DeepSeek Innovates AI: New Reasoning and Waiting Method for R2 Model | Best llm models | Best course on large language models reddit | Large language models chatgpt | Turtles AI
DeepSeek, in collaboration with Tsinghua University, has developed an innovative technique that combines Generative Reward Modeling (GRM) and Self-Principled Critique Tuning (SPCT) to improve the reasoning capabilities of large language models (LLMs). This methodology enables LLMs to produce more accurate results that are in line with human preferences.
Key Points:
- Development of a new technique that integrates GRM and SPCT to enhance the reasoning capabilities of LLMs.
- DeepSeek and Tsinghua University collaborated on this innovation.
- DeepSeek-GRM models outperformed existing methods, achieving competitive performance.
- DeepSeek plans to open source the GRM models, without specifying a timeline.

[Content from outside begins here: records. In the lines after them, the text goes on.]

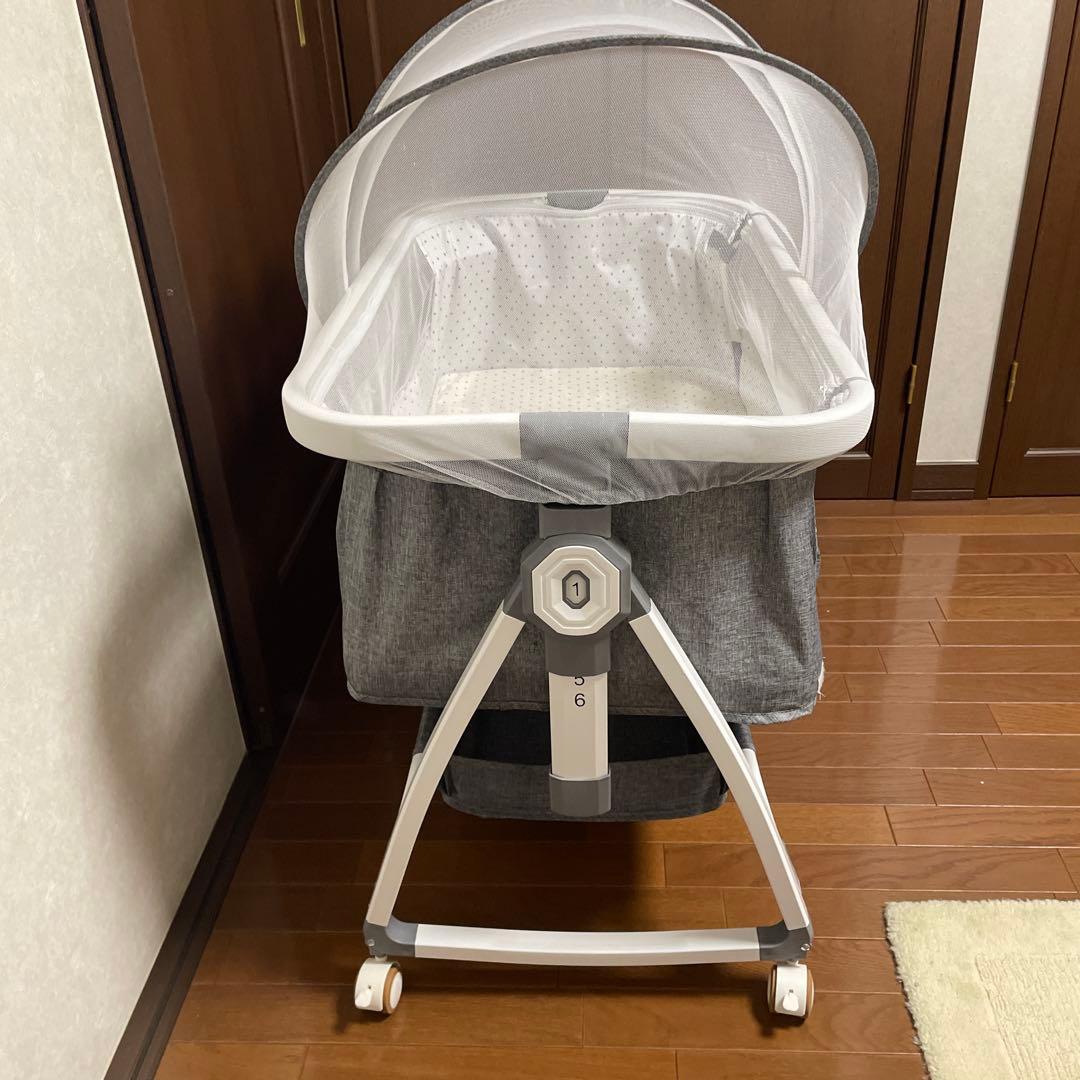 コンパクトベビーベッド　メッシュカバー付き　高さ調節可能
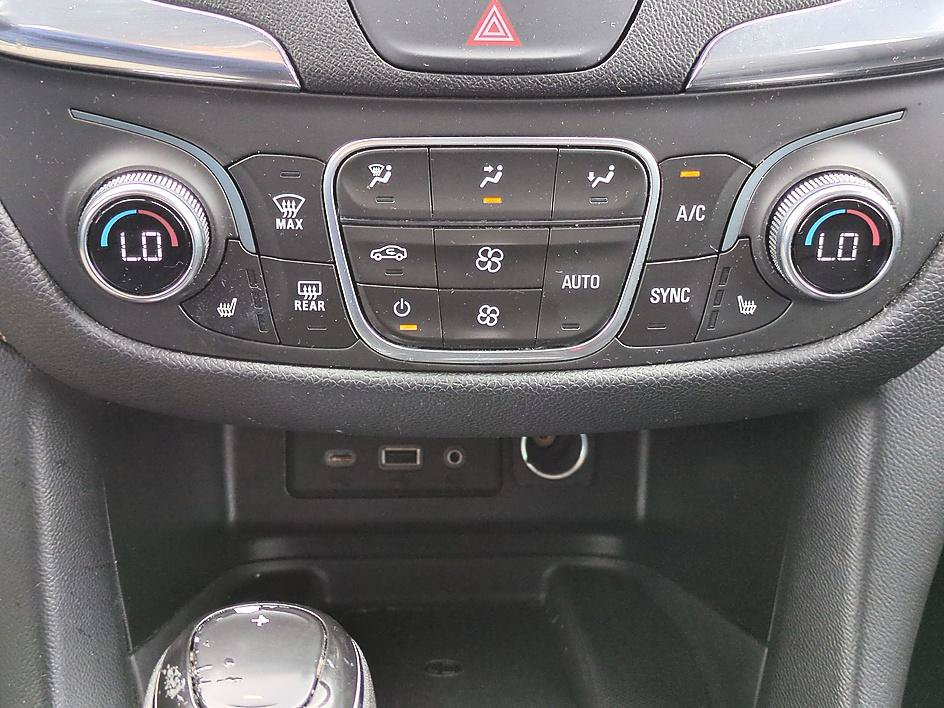 Certified 2020 Chevrolet Equinox Premier FWD image 24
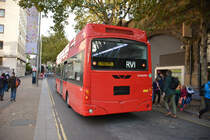 24.10.2018 / London, London Eye > Waterloo Station / Wright Volvo hydrogen bus / LK60 HPL.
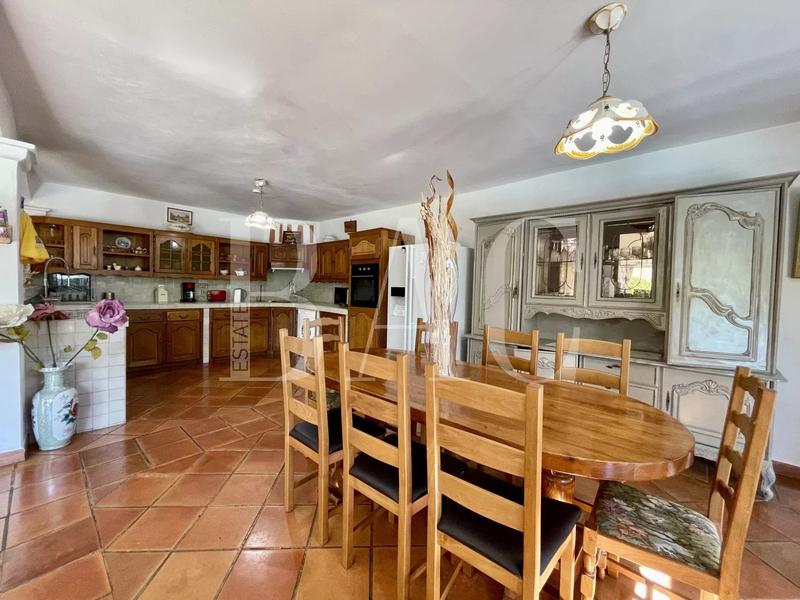 Villa - 134 m² - 5 pièces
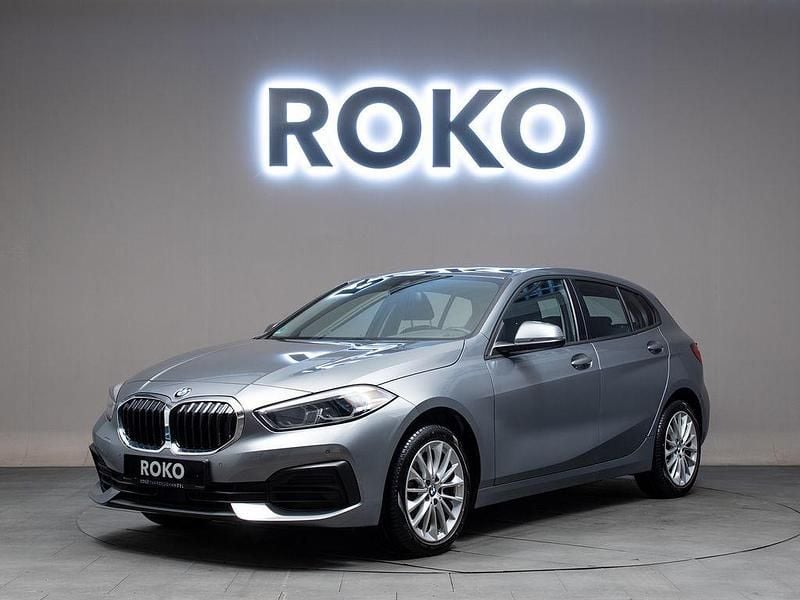 Gebraucht BMW 118 136 PS (100 kW) 2022 Skyscraper grau metallic Kleinwagen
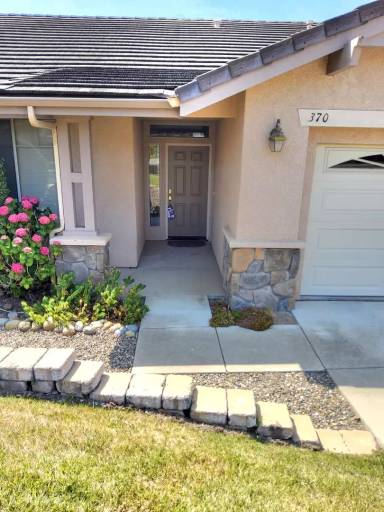 Main picture of 370 Vista Dr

Chinese startup DeepSeek, in collaboration with Tsinghua University, has introduced a new methodology to improve the reasoning capabilities of large language models (LLMs). The technique combines Generative Reward Modeling (GRM) and Self-Principled Critical Tuning (SPCT), as described in a paper published on arXiv. The approach aims to guide LLMs toward more accurate results aligned with human preferences, enabling more precise answers to general queries. The resulting models, known as DeepSeek-GRM, outperformed existing methods, achieving performance competitive with robust public reward models. Reward modeling is a process that guides an LLM toward human preferences. DeepSeek intends to open source these models, although no specific timeframe has been provided. This development comes as speculation intensifies over the upcoming release of the company’s next-generation model, the DeepSeek-R2, the successor to the DeepSeek-R1, which has rocked the global tech community with its performance comparable to leading models, but at significantly lower costs. DeepSeek, founded in 2023 by Liang Wenfeng, is funded by the hedge fund High-Flyer, also founded by Liang. The company recently updated its V3 model, called DeepSeek-V3-0324, improving its reasoning capabilities and Chinese writing proficiency.
It has also open-sourced five of its code repositories, promoting transparency and collaboration in the AI community.